*** Block opens ***

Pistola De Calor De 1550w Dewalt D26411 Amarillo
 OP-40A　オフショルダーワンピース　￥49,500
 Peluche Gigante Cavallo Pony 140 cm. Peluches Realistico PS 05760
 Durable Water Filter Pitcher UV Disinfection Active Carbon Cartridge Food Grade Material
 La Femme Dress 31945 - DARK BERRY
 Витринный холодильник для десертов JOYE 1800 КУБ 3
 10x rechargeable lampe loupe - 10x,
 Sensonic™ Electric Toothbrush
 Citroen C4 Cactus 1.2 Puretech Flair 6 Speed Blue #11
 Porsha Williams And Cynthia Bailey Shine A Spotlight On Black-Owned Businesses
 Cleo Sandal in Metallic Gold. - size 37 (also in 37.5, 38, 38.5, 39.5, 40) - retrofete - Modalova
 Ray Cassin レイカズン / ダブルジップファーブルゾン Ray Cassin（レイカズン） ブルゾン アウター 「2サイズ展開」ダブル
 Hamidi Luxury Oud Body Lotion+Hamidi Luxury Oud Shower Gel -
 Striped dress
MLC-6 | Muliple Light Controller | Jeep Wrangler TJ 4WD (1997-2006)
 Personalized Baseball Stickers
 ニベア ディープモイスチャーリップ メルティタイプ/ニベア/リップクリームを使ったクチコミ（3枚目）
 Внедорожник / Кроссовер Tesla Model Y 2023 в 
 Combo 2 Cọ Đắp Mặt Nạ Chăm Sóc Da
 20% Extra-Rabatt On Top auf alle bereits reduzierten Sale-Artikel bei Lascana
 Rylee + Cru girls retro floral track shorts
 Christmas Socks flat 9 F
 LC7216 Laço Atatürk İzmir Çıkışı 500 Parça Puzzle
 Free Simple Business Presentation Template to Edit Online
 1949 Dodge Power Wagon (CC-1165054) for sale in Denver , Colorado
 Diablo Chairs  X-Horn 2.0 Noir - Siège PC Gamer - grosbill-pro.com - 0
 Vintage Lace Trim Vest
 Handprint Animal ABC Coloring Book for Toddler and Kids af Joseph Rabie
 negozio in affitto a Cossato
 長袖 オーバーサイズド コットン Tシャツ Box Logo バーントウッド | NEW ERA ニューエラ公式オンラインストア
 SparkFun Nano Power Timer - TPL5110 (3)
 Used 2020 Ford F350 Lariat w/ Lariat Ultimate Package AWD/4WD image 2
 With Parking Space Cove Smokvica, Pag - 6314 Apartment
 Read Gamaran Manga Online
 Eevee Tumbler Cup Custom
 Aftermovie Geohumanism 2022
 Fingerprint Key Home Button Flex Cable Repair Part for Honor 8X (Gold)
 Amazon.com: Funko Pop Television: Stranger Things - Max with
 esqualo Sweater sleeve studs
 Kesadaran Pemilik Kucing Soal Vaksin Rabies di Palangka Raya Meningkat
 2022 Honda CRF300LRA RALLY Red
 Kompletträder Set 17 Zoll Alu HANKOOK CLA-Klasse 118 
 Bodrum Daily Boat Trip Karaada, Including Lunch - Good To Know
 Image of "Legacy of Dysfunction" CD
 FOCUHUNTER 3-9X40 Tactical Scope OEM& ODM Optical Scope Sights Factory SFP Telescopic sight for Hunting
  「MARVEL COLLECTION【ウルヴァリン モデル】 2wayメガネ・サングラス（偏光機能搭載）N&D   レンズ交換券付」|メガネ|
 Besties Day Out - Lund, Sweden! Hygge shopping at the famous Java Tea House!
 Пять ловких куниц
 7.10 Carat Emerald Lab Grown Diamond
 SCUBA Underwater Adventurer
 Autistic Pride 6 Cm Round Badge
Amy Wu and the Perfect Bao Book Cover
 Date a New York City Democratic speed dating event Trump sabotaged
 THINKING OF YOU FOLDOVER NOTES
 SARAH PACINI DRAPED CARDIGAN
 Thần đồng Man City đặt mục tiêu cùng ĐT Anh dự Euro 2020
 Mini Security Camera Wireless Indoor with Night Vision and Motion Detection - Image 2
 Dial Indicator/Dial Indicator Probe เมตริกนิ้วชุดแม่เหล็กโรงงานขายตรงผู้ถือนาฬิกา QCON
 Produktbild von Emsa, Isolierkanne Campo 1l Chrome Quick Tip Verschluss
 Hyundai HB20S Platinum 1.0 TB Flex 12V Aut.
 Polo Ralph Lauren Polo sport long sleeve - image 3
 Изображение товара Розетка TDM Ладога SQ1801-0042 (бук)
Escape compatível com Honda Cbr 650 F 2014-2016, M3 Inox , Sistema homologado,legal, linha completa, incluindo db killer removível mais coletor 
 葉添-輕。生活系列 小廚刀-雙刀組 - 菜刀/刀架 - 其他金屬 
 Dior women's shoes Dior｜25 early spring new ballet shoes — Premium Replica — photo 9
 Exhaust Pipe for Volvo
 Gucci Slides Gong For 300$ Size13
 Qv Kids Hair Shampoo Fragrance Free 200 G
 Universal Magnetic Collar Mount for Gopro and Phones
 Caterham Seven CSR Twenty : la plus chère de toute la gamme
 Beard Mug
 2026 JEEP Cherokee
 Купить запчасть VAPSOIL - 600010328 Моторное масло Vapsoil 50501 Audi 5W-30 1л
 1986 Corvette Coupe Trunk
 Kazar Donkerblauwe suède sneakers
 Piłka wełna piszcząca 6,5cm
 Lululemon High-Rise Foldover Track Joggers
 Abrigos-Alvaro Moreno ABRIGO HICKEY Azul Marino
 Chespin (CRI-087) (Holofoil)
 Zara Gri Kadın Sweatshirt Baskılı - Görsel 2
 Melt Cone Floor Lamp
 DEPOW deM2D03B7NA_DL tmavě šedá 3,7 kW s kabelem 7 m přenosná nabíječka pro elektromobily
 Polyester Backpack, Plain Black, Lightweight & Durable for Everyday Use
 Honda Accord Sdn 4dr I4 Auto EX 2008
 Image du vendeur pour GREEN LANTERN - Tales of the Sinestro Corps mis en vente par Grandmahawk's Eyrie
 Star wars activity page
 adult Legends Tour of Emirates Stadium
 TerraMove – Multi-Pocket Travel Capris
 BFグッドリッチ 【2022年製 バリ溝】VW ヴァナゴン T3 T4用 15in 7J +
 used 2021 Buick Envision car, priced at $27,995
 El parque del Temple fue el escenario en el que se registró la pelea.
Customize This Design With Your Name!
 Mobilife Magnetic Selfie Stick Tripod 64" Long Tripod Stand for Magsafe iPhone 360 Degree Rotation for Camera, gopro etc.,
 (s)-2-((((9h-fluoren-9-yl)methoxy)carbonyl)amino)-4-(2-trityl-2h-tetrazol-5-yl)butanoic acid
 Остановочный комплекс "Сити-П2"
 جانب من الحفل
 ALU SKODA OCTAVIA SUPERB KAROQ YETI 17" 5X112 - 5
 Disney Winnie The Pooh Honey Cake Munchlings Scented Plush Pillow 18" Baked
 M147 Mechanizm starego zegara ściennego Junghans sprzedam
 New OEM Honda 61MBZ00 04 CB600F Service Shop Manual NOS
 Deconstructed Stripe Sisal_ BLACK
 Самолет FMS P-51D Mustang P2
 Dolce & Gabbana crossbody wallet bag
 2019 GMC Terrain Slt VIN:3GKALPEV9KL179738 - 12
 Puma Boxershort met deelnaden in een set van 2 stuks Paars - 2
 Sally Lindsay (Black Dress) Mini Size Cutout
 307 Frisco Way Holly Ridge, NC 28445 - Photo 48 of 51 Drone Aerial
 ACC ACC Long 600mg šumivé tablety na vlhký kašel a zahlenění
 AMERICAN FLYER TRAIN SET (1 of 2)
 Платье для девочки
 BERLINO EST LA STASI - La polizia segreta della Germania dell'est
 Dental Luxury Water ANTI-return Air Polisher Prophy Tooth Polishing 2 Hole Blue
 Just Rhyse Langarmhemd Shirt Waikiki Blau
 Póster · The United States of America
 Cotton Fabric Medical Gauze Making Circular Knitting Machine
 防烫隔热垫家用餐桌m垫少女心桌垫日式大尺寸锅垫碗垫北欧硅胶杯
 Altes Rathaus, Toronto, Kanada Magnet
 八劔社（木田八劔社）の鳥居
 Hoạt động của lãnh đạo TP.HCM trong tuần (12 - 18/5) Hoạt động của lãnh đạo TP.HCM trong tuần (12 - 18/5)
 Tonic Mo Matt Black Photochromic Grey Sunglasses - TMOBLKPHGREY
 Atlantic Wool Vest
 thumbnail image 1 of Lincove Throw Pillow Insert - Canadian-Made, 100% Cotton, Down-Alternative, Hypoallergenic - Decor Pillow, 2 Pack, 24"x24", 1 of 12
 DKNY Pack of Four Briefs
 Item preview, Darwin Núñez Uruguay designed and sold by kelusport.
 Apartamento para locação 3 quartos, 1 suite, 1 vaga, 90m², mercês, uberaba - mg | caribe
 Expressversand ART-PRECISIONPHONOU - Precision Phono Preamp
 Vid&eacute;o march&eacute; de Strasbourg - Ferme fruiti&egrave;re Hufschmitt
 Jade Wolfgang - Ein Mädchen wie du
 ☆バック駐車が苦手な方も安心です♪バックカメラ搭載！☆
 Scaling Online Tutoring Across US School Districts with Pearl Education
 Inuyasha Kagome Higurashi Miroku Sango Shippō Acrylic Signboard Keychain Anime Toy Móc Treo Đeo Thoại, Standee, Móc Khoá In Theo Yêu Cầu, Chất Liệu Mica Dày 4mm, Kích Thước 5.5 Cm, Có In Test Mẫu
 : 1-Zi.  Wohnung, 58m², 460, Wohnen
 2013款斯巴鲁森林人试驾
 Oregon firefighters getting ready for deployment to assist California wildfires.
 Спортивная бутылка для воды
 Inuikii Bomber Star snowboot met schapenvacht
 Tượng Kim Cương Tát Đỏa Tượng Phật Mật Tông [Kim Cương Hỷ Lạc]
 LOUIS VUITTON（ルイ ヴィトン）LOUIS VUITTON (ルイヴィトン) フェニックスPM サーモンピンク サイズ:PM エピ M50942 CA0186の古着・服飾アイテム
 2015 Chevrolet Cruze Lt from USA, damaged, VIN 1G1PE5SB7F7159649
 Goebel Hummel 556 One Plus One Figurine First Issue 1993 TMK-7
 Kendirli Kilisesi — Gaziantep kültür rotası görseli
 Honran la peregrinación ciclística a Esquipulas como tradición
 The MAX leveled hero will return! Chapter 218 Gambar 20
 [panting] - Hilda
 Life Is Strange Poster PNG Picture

*** Block closes ***

Task requirements - Extract every line from the one containing "Honran la peregrinación" to the end of the entries, including both of those lines, exactly as given and with nothing added.

Answer box -
 Honran la peregrinación ciclística a Esquipulas como tradición
 The MAX leveled hero will return! Chapter 218 Gambar 20
 [panting] - Hilda
 Life Is Strange Poster PNG Picture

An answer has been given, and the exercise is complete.